Vorrei esordire con un pensiero positivo: nonostante le difficoltà, le sofferenze e i problemi che affliggono l’Italia e l’Europa, oggi, 25 aprile, è FESTA, festa della Liberazione. Liberazione dalla guerra, dalla dittatura fascista, dalla dominazione nazista, dalla persecuzione politica, dall’op­pressione personale e sociale, dalla miseria, dalla fame.

Una liberazione realizzata grazie al sacrificio di donne e uomini che, nella tragica esperienza del secondo conflitto mondiale, scelsero di stare dalla parte più scomoda, più debole, peggio armata, prendendo la via che presentava gli esiti più pericolosi e incerti. Quelle donne e quegli uomini – male armati, poco equipaggiati, braccati e perseguitati, privi dell’organizzazione militare regolare che i loro avversari possedevano (fatta di caserme, di cannoni, di divise ma anche di pasti caldi, vestiti asciutti e giacigli comodi) – combatterono e morirono per dire “BASTA!”: per porre fine alla tirannide e alla guerra, voluta da un regime autoritario, violento, razzista e liberticida. Compiendo quella scelta, essi erano consapevoli della FATICA ma anche della NECESSITÀ MORALE di schierarsi dalla parte della dignità umana, della libertà coniugata con la giustizia, del primato della persona dell’organizzazio­ne democratica dei rapporti politici e sociali.

Ricordare questo significa, qui a Gussago, pensare ai prigionieri fuggiti dal campo di prigionia di Campiani, accolti e aiutati dagli abitanti di Gussago e di Brione; significa ricordare don Giuseppe Potieri, artefice di quell’assistenza insieme a Mario Rossi, che per questo fu arrestato e fucilato a Verona nel gennaio 1944; significa ricordare Angelo Marone, che offrì la sua cascina del Quarone come rifugio per prigionieri sbandati dopo il rastrellamento di Croce di Marone del novembre 1943, e che per questo fu deportato in Germania, dove morì; significa ricordare Giuseppe Biondi, Beniamino Cavalli e Francesco Di Prizio della 122a brigata Garibaldi, che morirono nello scontro a fuoco in località Camaldoli; significa ricordare Mario Bernardelli e Giuseppe Zatti, fucilati a Sella dell’Oca; significa ricordare quanti, qui e altrove, per l’impegno nella lotta di liberazione patirono gli arresti, il carcere, la deportazione, la prigionia, la tortura, la minaccia psicologica, il ricatto degli affetti. Giovani e meno giovani, religiosi e laici, uomini e donne, padri di famiglia e figli ancora ragazzi hanno dato con generosità il loro contributo a costruire la pace attraverso la rivolta morale delle coscienze.

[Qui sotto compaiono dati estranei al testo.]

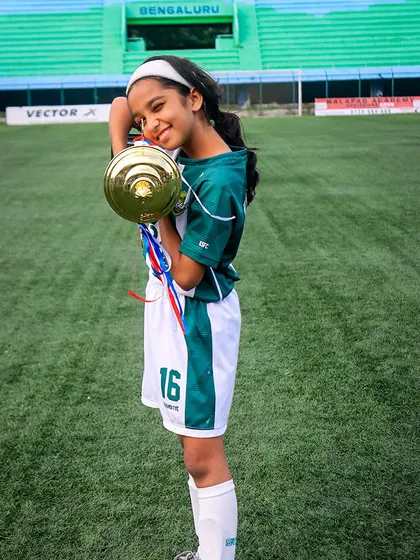 A future star with her prize. A young player from our U13 girls' team holds her championship trophy, a cherished memory from a successful tournament.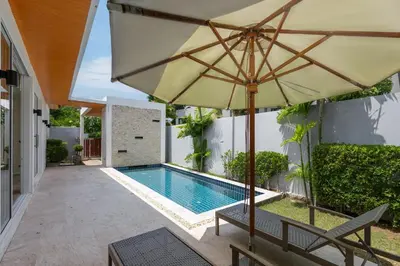an umbrella and a swimming pool in a yard at Villa Maya 2BR private pool villa Nai Harn beach in Rawai Beach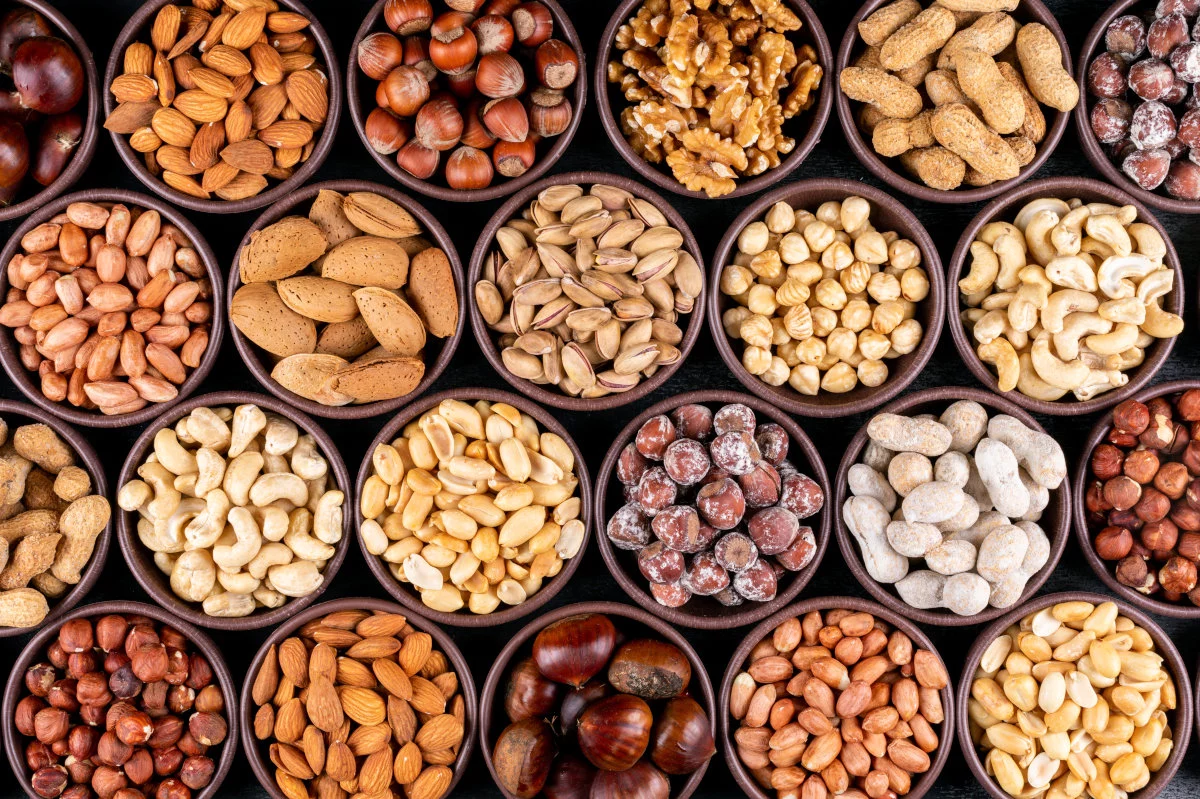 Set of pecan, pistachios, almond, peanut, cashew, pine nuts and lined up assorted nuts and dried fruits in a mini different bowls on a black stone background. flat lay.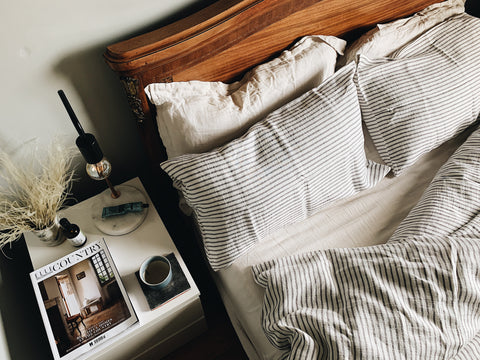 A bed from above with ethical handmade striped bed linen from Aerende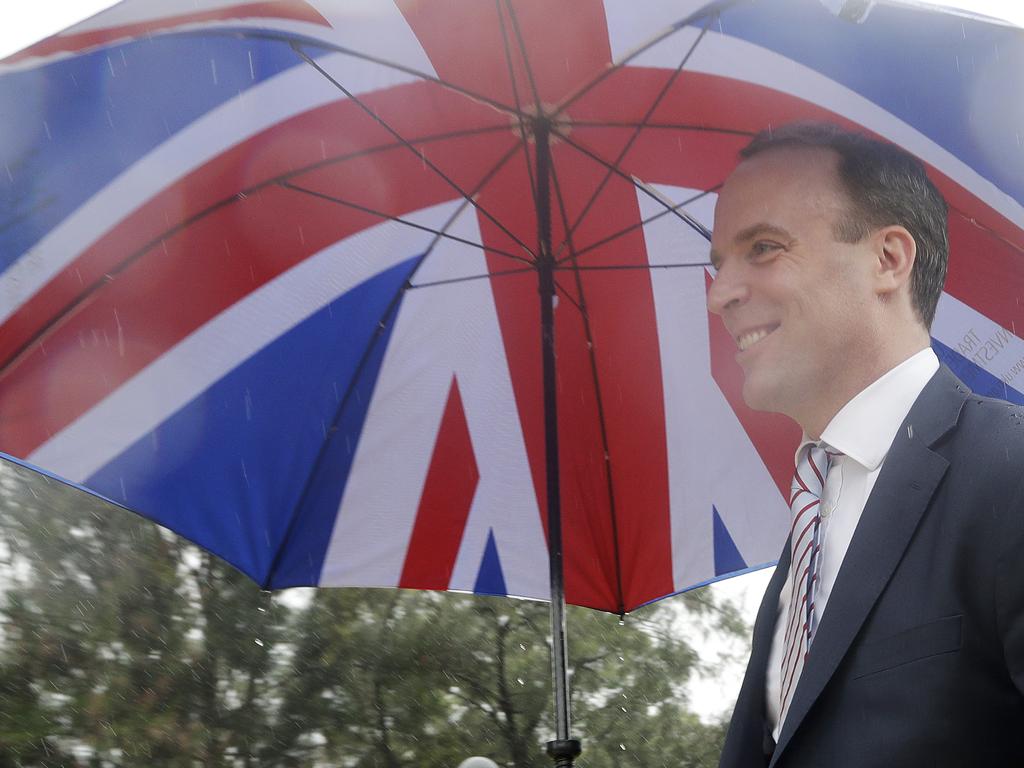 Britain’s Foreign Secretary Dominic Raab has been visiting Australia to drum up some post Brexit trade. He brought a suitable umbrella to shelter from the very British-like conditions. Picture: Rick Rycroft-Pool/Getty Images.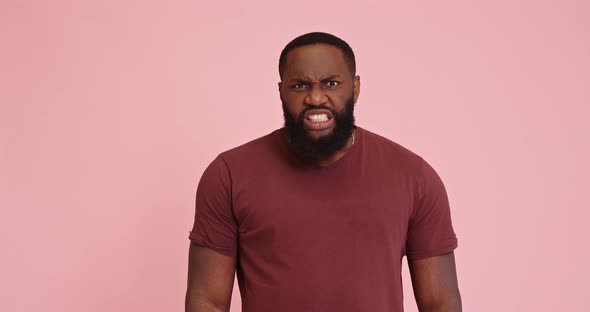 Young African American Man Get Mad Show Teeth on Pink Background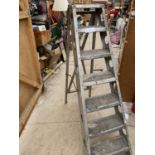 A VINTAGE SET OF METAL STEP LADDERS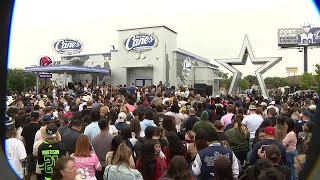 Massive crowd gathers for Dallas Cowboys Post Malone-themed Raising Cane s opening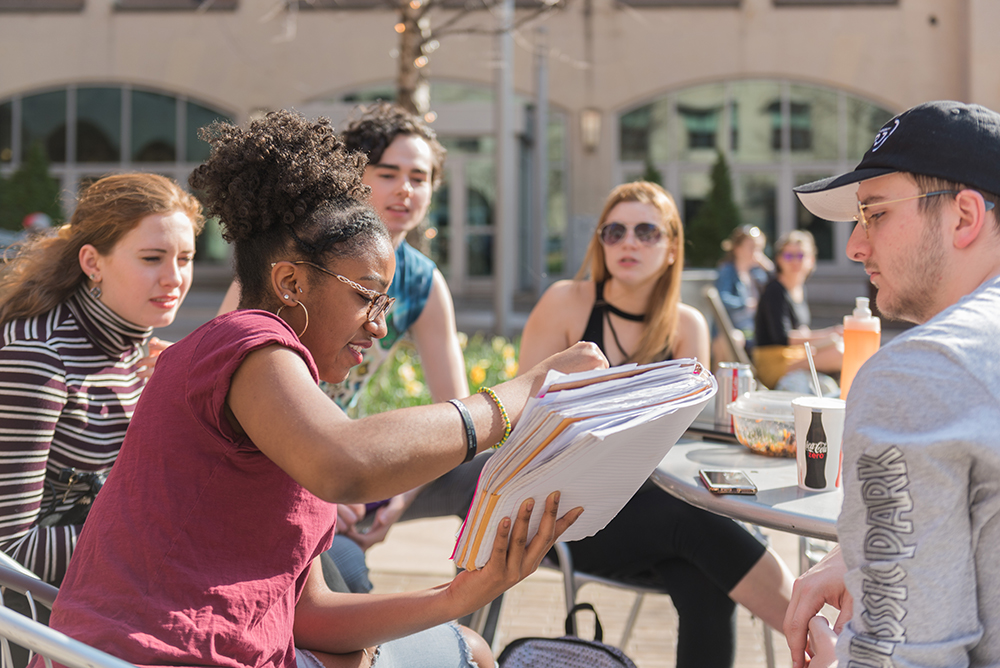 Students in Village Park gathered at a table look on as a student shares something from her notebook. 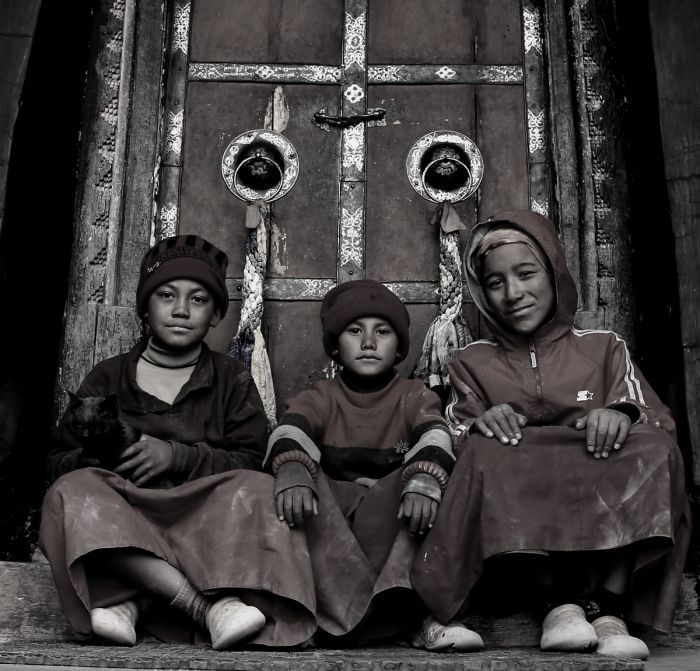 Three children sit in front of a wooden door. They wear head coverings and robes, looking at the camera. Black and white photo.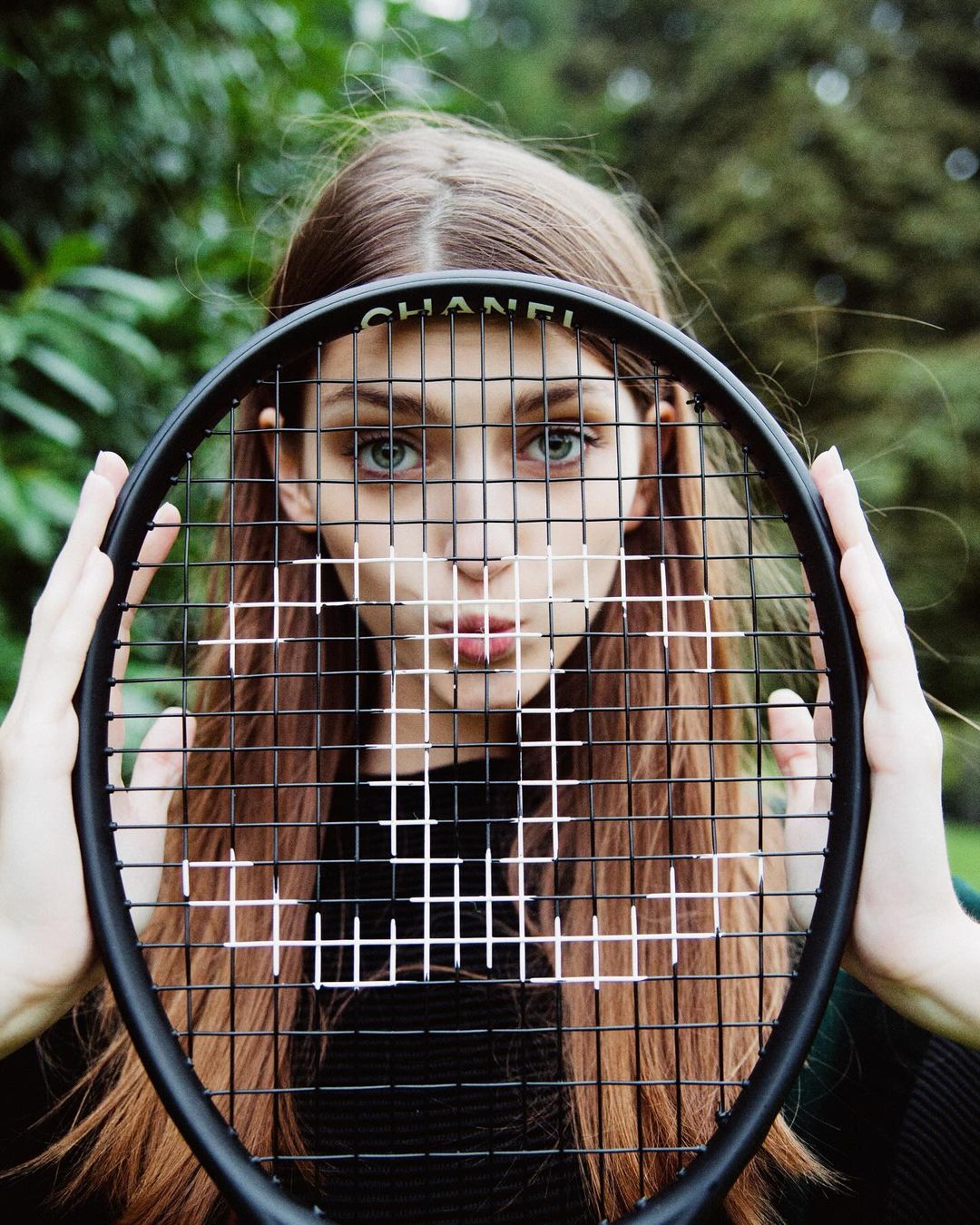 A woman is holding a Chanel-branded tennis racket over her face in an outdoor shot. Focus is on her eyes behind the racket's strings.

Oggi siamo qui a fare festa con loro e per loro, per ricordarli e onorarli, ma anche per ricordare i valori e i principi che li hanno mossi: ideali universali di democrazia, di libertà, di giustizia sociale, di uguaglianza, di pace. Valori e diritti che il fascismo di allora aveva negato, perseguitato, oppresso.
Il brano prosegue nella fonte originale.